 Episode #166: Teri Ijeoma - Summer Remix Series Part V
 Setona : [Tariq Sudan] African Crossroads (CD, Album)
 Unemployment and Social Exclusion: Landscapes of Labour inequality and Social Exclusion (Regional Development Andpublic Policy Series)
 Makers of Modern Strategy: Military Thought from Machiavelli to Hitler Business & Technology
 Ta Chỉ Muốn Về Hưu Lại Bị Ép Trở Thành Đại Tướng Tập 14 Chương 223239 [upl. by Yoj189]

**What needs to be done:** Start at the first line of the material. Reproduce every line exactly, ending with the line that holds "Unemployment and Social".

**Task result:**
 Episode #166: Teri Ijeoma - Summer Remix Series Part V
 Setona : [Tariq Sudan] African Crossroads (CD, Album)
 Unemployment and Social Exclusion: Landscapes of Labour inequality and Social Exclusion (Regional Development Andpublic Policy Series)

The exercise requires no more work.